La presenza di manager è concentrata nelle imprese più grandi (+ 50 addetti), mentre le imprese piccole (41%) o micro (20%) sono quelle che non hanno ancora affrontato la transizione alla mobilità elettrica ed emerge una bassa propensione alla innovazione.

Difatti nel primo caso, si nota il ricorso ai manager esterni (78%), mentre la loro presenza scende al 30% nel caso di gruppo italiano, dove predomina il modello misto di gestione, e si polverizza al 6% nel caso di imprese a conduzione familiare.

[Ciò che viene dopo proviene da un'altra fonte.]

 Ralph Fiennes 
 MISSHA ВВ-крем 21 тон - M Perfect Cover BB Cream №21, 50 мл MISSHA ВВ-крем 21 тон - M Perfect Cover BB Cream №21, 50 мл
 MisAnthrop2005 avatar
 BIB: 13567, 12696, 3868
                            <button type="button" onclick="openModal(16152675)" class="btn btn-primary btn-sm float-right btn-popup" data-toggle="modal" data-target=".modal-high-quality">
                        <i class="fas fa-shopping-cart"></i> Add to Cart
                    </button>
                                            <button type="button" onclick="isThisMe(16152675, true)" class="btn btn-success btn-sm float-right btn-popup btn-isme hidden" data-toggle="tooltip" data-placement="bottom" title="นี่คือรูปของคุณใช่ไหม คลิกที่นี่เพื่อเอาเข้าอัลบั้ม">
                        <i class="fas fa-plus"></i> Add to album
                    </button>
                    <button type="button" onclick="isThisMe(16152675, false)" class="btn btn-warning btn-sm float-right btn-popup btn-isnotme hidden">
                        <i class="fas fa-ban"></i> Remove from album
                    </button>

Richieste per evitare il tracollo industriale

Certo che la transizione è importante ma è anche importante evitare un tracollo industriale. Varie le richieste di Federmanager e tra queste l’istituzione di un fondo per la conversione del settore. Questa misura deve essere finalizzata innanzitutto all’aggiornamento professionale dei manager sulla scia di quanto realizzato con il Fondo Nuove Competenze magari utilizzando anche i fondi Pnrr.

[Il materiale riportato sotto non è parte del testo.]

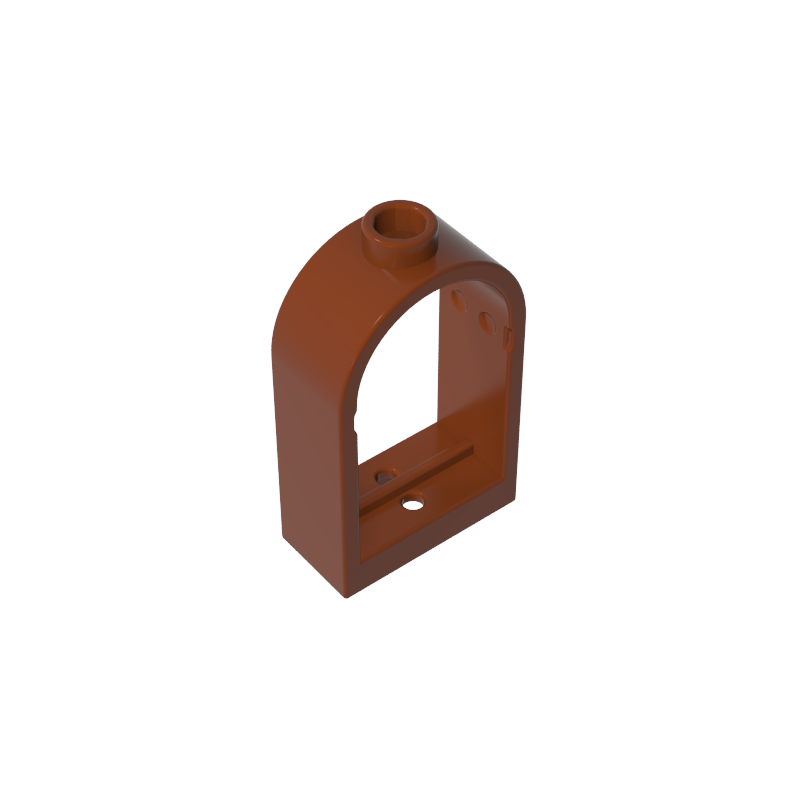 GDS-872-081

“Siamo disponibili a collaborare con il Governo per definire una roadmap per la transizione produttiva della mobilità sostenibile, come già fatto da diversi Paesi. Non rinunciamo all’obiettivo della decarbonizzazione conclude Cuzzilla – ma solo con tempi e modi certi è possibile realizzare il cambio di modello. Semplificazione burocratica e attrazione degli investimenti stranieri devono fare parte di questa unica strategia“.

Governo, le azioni

Il Governo in questo frangente, fa sentire la sua voce con l’azione di Adolfo Urso.
“Siamo convinti che bisogna raggiungere obiettivi” della transizione green “ma bisogna affrontare la tematica con sano pragmatismo e non con ideologia preconcetta. Per la transizione digitale ed economica servono materie prime”, osserva il ministro Adolfo Urso, spiegando di aspettare il rapporto Ue sul tema “ma noi siamo già in campo” con un tavolo in materia.

Non possiamo passare dalla subordinazione e sudditanza dalla Russia per l’energia a quella della Cina per le materie prime e le tecnologie: passeremmo dalla padella alla brace. E per evitarlo dobbiamo costruire autonomia strategica”, prosegue Urso.

“Per la prima volta nel Parlamento europeo si manifesta una forte e sempre più significativa opposizione alla politica ideologica della Commissione. Due dossier, quello sull’euro 7 e quello sulla Co2, cioè sui veicoli pesanti: su questi dossier non daremo tregua. C’è sempre più consapevolezza che su questi due dossier dobbiamo imporre una visione pragmatica a questa Commissione, o lo farà la prossima, perché nel 2024 si vota e questa sempre più larga opposizione ad una visione ideologica probabilmente diventerà maggioranza”, e sono temi che potranno essere affrontati “in un contesto politico-istituzionale ben diverso da quello attuale, frutto della visione ideologica dell’Europa di 4-5 anni fa” – conclude il ministro Urso.